MeGT2.6 increases cellulose synthesis and active gibberellin content to promote cell enlargement in cassava

SUMMARY Cassava, a pivotal tropical crop, exhibits rapid growth and possesses a substantial biomass. Its stem is rich in cellulose and serves as a crucial carbohydrate storage organ. The height and strength of stems restrict the mechanised operation and propagation of cassava. In this study, the triple helix transcription factor MeGT2.6 was identified through yeast one‐hybrid assay using MeCesA1pro as bait, which is critical for cellulose synthesis. Over‐expression and loss‐of‐function lines were generated, and results revealed that MeGT2.6 could promote a significant increase in the plant height, stem diameter, cell size and thickness of SCW of cassava plant. Specifically, MeGT2.6 upregulated the transcription activity of MeGA20ox1 and downregulated the expression level of MeGA2ox1, thereby enhancing the content of active GA3, resulting in a large cell size, high plant height and long stem diameter in cassava.

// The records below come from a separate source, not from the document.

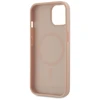 Dėklas Karl Lagerfeld Leather Monogram Metal Logo MagSafe skirtas Apple iPhone 15 rožinės spalvos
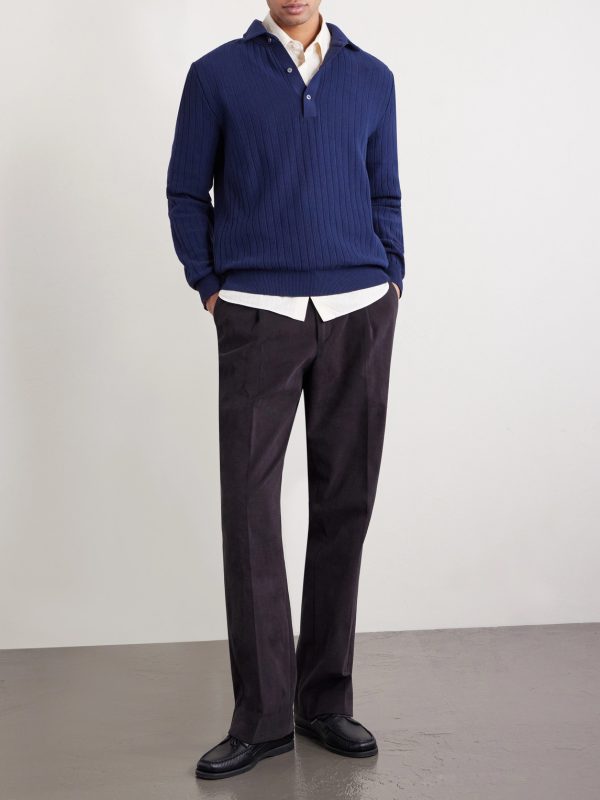 Ribbed Cotton Polo Shirt - OU Ribbed Cotton Polo Shirt - OU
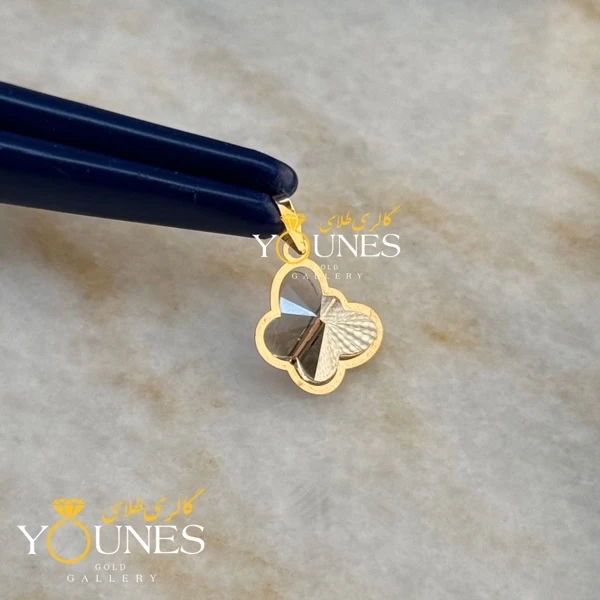 آویز طلا سواروسکی پروانه ای خاکستری مات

Moreover, MeGT2.6 upregulated the transcription activity of MeCesA1, which promoted the synthesis of cellulose and hemicellulose and produced a thick secondary cell wall. Finally, MeGT2.6 could help supply additional substrates for the synthesis of cellulose and hemicellulose by upregulating the invertase genes (MeNINV1/6). Thus, MeGT2.6 was found to be a multiple regulator; it was involved in GA metabolism and sucrose decomposition and the synthesis of cellulose and hemicellulose. Significance Statement Schematic of the increase in cellulose synthesis and active gibberellin content to promote cell enlargement via the modulation of MeGT2.6. UDP‐Glc: Uridine diphosphate glucose; CSC: cellulose synthase complex; SCW: secondary cell wall. Cassava is a tropical root crop with huge biomass. Increasing the allocation of photoassimilate to the sink organ can enhance the yield of storage root. MeGT2.6 is a multi‐regulatory factor regulating plant growth and development, and carbon source allocation. Its mutant can be created by gene editing, thereby providing an important germplasm resource for breeding new cassava varieties with dwarf property and high starch yield.